## [What the task asks]
Restate word for word the lines that run from the one containing "6 Arthur Court, Woodcroft SA 5162" to the last line of the data, both ends included.

[Crawled caption data]

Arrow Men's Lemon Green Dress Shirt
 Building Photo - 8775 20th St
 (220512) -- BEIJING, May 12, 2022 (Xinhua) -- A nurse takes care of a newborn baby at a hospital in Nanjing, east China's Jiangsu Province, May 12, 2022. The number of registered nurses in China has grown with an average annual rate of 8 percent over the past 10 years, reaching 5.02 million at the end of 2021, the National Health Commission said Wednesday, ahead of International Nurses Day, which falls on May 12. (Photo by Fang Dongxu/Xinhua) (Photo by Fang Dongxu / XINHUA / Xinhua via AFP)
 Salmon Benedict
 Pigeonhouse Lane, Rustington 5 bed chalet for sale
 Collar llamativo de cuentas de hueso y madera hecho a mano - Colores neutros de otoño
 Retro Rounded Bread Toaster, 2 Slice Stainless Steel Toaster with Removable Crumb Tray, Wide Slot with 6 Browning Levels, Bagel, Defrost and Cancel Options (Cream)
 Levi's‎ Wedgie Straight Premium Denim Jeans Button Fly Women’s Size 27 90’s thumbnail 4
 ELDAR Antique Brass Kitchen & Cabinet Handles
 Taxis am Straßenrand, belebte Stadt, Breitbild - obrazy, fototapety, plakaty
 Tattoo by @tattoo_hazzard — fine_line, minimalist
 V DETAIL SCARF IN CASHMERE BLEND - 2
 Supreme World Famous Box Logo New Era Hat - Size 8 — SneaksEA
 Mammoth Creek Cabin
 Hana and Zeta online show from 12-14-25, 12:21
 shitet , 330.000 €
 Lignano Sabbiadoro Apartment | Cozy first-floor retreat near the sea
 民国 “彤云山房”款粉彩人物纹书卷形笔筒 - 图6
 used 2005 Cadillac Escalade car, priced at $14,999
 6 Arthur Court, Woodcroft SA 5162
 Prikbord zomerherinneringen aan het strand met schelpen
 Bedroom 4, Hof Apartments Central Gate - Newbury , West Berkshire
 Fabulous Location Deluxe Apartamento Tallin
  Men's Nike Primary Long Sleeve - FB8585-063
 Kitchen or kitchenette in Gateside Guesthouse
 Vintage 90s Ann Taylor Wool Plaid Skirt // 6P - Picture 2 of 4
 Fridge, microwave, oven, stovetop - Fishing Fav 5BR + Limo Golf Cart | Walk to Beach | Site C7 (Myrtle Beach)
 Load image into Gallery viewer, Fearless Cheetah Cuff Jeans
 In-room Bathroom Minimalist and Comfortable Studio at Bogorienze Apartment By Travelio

## [Written reply]
 6 Arthur Court, Woodcroft SA 5162
 Prikbord zomerherinneringen aan het strand met schelpen
 Bedroom 4, Hof Apartments Central Gate - Newbury , West Berkshire
 Fabulous Location Deluxe Apartamento Tallin
  Men's Nike Primary Long Sleeve - FB8585-063
 Kitchen or kitchenette in Gateside Guesthouse
 Vintage 90s Ann Taylor Wool Plaid Skirt // 6P - Picture 2 of 4
 Fridge, microwave, oven, stovetop - Fishing Fav 5BR + Limo Golf Cart | Walk to Beach | Site C7 (Myrtle Beach)
 Load image into Gallery viewer, Fearless Cheetah Cuff Jeans
 In-room Bathroom Minimalist and Comfortable Studio at Bogorienze Apartment By Travelio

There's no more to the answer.